En France, aucune enquête ne mesure la prévalence du trouble bipolaire (qui serait estimée, en médiane, à 0,7 % en Europe), tandis que les troubles dépressifs ne sont recensés qu'à travers les baromètres santé 2005 et 2010, déclaratifs, qui évaluent à 7,8 % la prévalence des épisodes dépressifs caractérisés.
Dans leur étude, Lynda Badjadj et Christine Chan Chee (Santé publique France) se sont penchées sur la base nationale du Recueil d'information médicalisée en psychiatrie (RIM-P), dans laquelle les TB et TD sont codés selon la 10e révision de la classification internationale des maladies (CIM-10) de l'OMS.
Chaque année entre 2010 et 2014, 80 000 en moyenne, et jusqu'à 95 000 patients sont pris en charge pour troubles bipolaires (soit une prévalence de 0,15 %). Ils sont trois à quatre fois plus pour les troubles dépressifs qui affectent entre 320 000 et 350 000 personnes. La prévalence de ces troubles mesurée dans le RIM-P est de 0,55 %… bien en deçà des 5 à 8 % retrouvés dans les enquêtes déclaratives. Ce hiatus s'explique, selon les auteurs, par un recours au psychiatre limité à 8 à 15 % des cas déclarés de troubles dépressifs, leur suivi se faisant le plus souvent en libéral, par le généraliste.
Augmentation des prises en charge pour TB
Si les taux annuels de prise en charge pour les TD sont stables, ceux des troubles bipolaires augmentent de 2,6 % par an chez les hommes et de 3,4 % chez les femmes. La raison : les cliniciens poseraient facilement un tel diagnostic dans les formes cliniques peu spécifiques (cas subsyndromiques) ou à la place du diagnostic de psychose.

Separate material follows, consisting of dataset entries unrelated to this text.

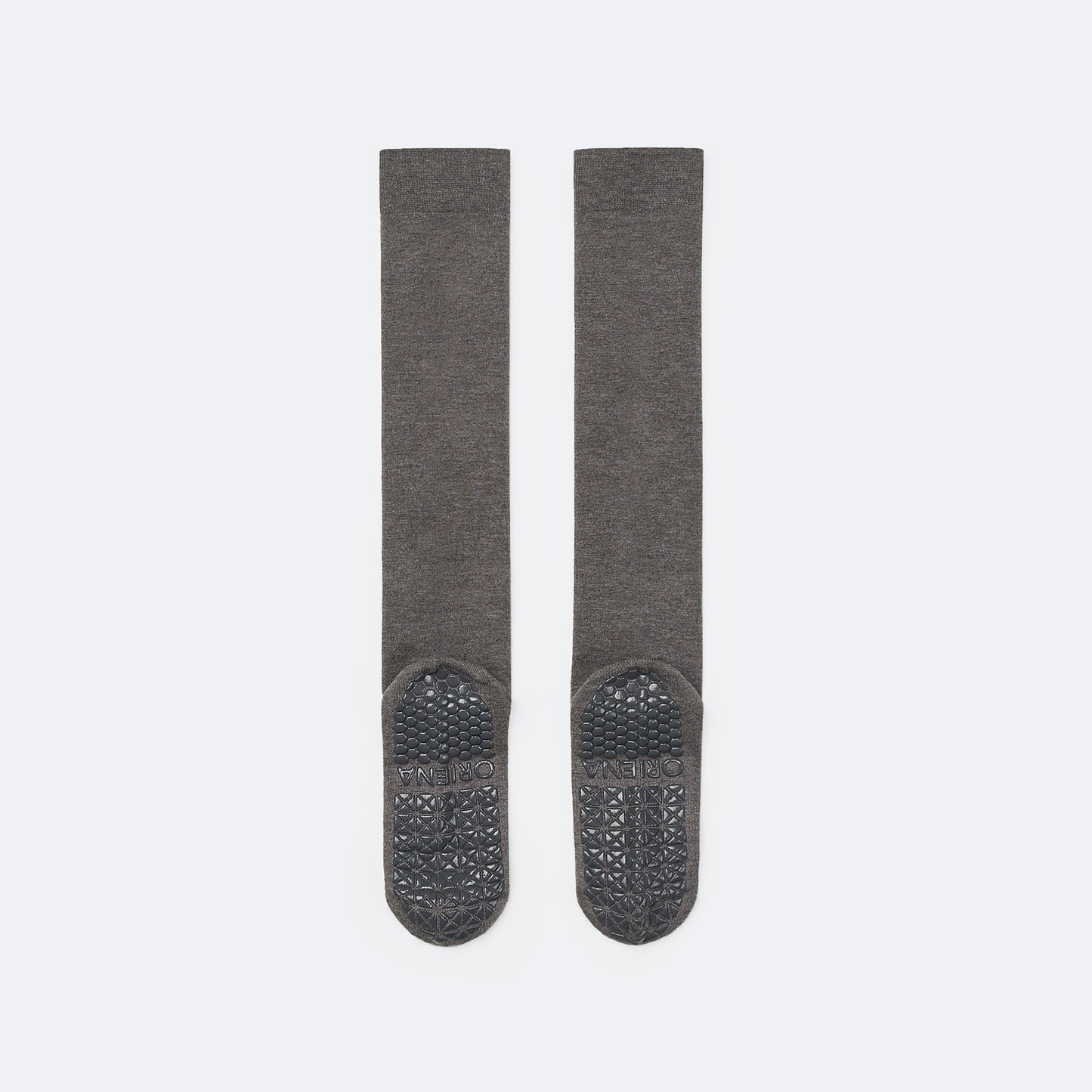 防滑及膝襪 ProGrip™ 灰色 (Knee Socks ProGrip Gray)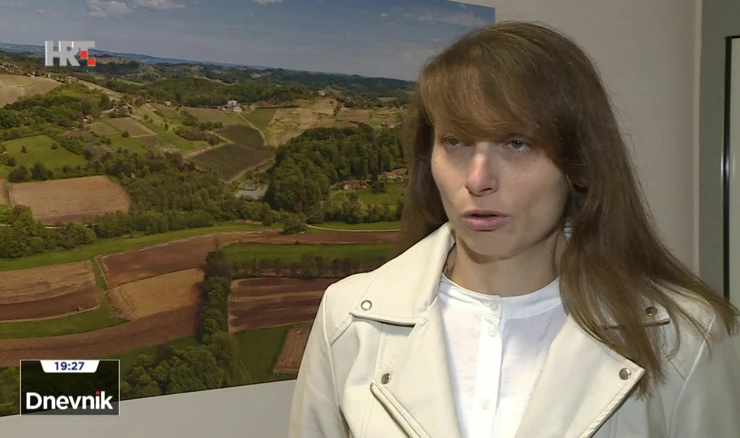 Liječnica Ana Magdalenić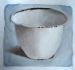 White Enamel Bowl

Pour les deux types de troubles, les femmes sont sur-représentées, à hauteur de 1,7 fois plus pour les TD (entre 650 et 690 femmes pour 100 000 habitants vs 380 à 420 hommes pour 100 000), et 1,6 fois plus, pour les TB (163 à 190 femmes pour 100 000 habitants vs 105 à 121 hommes pour 100 000). Les troubles de l'humeur, qui se manifestent surtout à partir de 15 ans, augmentent avec l'âge et culminent entre 50 et 54 ans, avant de redescendre. À une exception près : la prévalence de dépression repart à la hausse chez les hommes autour de 90 ans, sous le coup du deuil, d'une solitude mal vécue, ou des polypathologies.
Le suivi ambulatoire exclusif domine (il représente 55,7 % des prises en charge pour TB, et 64,8 % pour TD), devant l'hospitalisation exclusive (19,6 % pour les TB, 18 % pour les TD) et la combinaison des deux (24,7 % pour TB, 17,2 % pour TD).
Disparités géographiques
Chez les hommes comme chez les femmes, des taux de prise en charge supérieurs de 20 % au taux national ont été observés en Bretagne et Bourgogne-Franche-Comté pour les TD, et dans le Sud-Ouest pour les TB avec un gradient Nord-Est/Sud-Ouest prononcé. Face à une telle disparité allant du simple au double, les prévalences ne sauraient tout expliquer : jouent aussi des différences dans l’offre de soins et dans la prise en charge des établissements de santé, ainsi que dans les pratiques de codage, avancent les auteurs. Et d'appeler à renforcer la surveillance épidémiologique, grâce à l'exploitation des données du RIM-P et du système national d'information inter-régimes de l'assurance-maladie (SNIIRAM), avec l'espoir de mieux détecter et prévenir la chronicisation des troubles et le passage à l'acte suicidaire.